To test a specific mode:

$ sudo ./tests/testdisplay -3 -o 17,10
  1920x1080 24 1920 2558 2602 2750 1080 1084 1089 1125 0x1c005 0x40 74250 (3D:TB)

To cycle through all the supported stereo modes:

$ sudo ./tests/testdisplay -3

testdisplay uses cairo to compose the final frame buffer from two separate left and right test images.

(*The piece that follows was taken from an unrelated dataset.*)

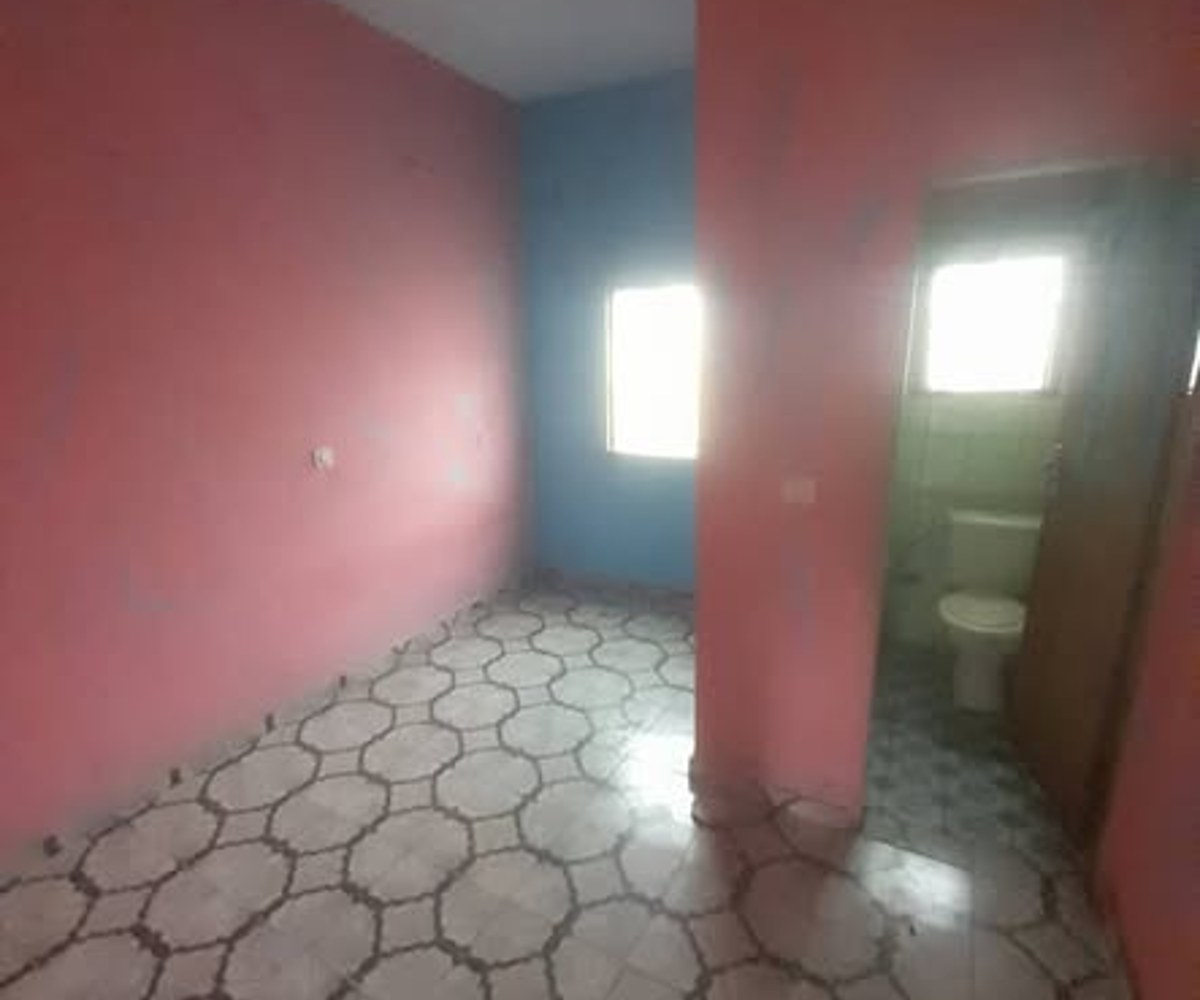 Studio moderne à louer à Mbadoumou, Simbock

3 thoughts on “HDMI stereo 3D & KMS

  1. elupus

    Awesome. Now i just need to get xrandr support in place to get it going with xbmc (well, or we go the wayland).

  2. damien Post author

    @elupus

    Neil Roberts is working on the mesa support. He already has (a stereo!) eglgears running on top of GBM/KMS, so not very far from being able to have stereo 3d in a Wayland compositor. Hopefully the infrastructure can be shared for X as well (but the volunteers to make it work are hard to find). Finishing this is not a very high priority but it will happen!

  3. elupus

    Right. Yea we have talked about adding egl direct kms support to xbmc. It would probably be a very good idea since we really have no use for a window manager in many situations.